A Little Life
October 12, 2016
"A sadness, he might have called it, but it wasn't a pitying sadness; it was a larger sadness, one that seemed to encompass all the poor striving people, the billions he didn't know, all living their lives, a sadness that mingled with a wonder and awe at how hard humans everywhere tried to live, even when their days were so very difficult, even when their circumstances were so wretched. Life is so sad, he would think in those moments. It's so sad, and yet we all do it. We all cling to it; we all search for something to give us solace.
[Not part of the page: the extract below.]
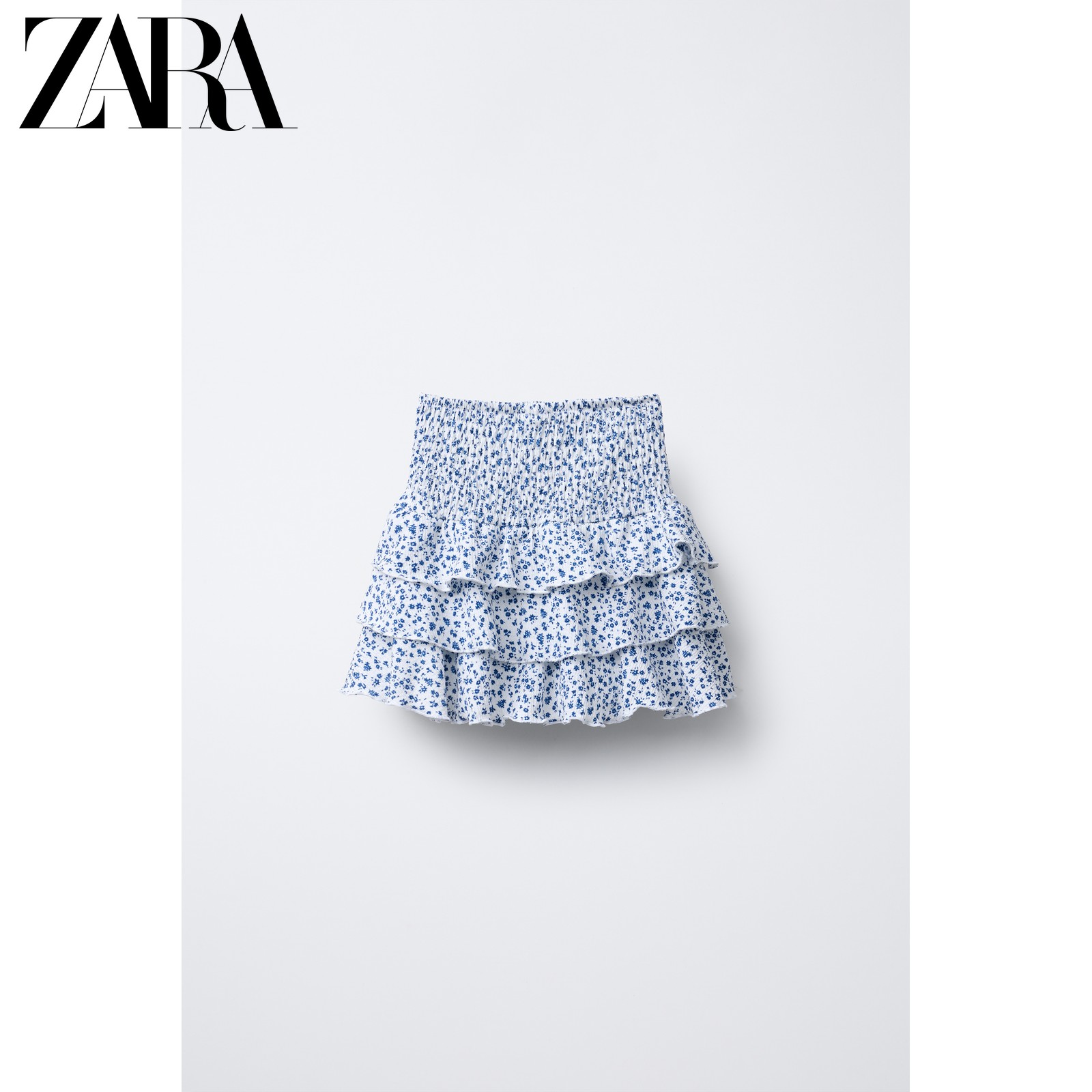 ZARA折扣季童趣来袭：女童多色选花朵印花休闲短裤裙，如何抓住这份春日浪漫？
Sad seems like a very small word. I was warned that is book was "sad", but this book is not sad. It is anguished. It is desolate, desperate, and inconsolable. It was inconceivably horrifying, not just within context but also when you realize that the events portrayed within its pages are not fiction to many.
A Little Life is really the story of Jude, a man who has set himself apart as a genius and incredibly talented litigator, but who is scarred both physically and mentally by an unspeakable childhood. A Little Life covers his life from college to middle-age; his friends, family, experiences, trials and growth. It tells of how his story touches and shapes so many others.
The inside jacket copy ends with this, and I do not feel I can summarize better: "Hanya Yanagihara has fashioned a tragic and transcendent hymn to brotherly love, a masterful depiction of heartbreak, and a dark examination of the tyranny of memory and the limits of human endurance".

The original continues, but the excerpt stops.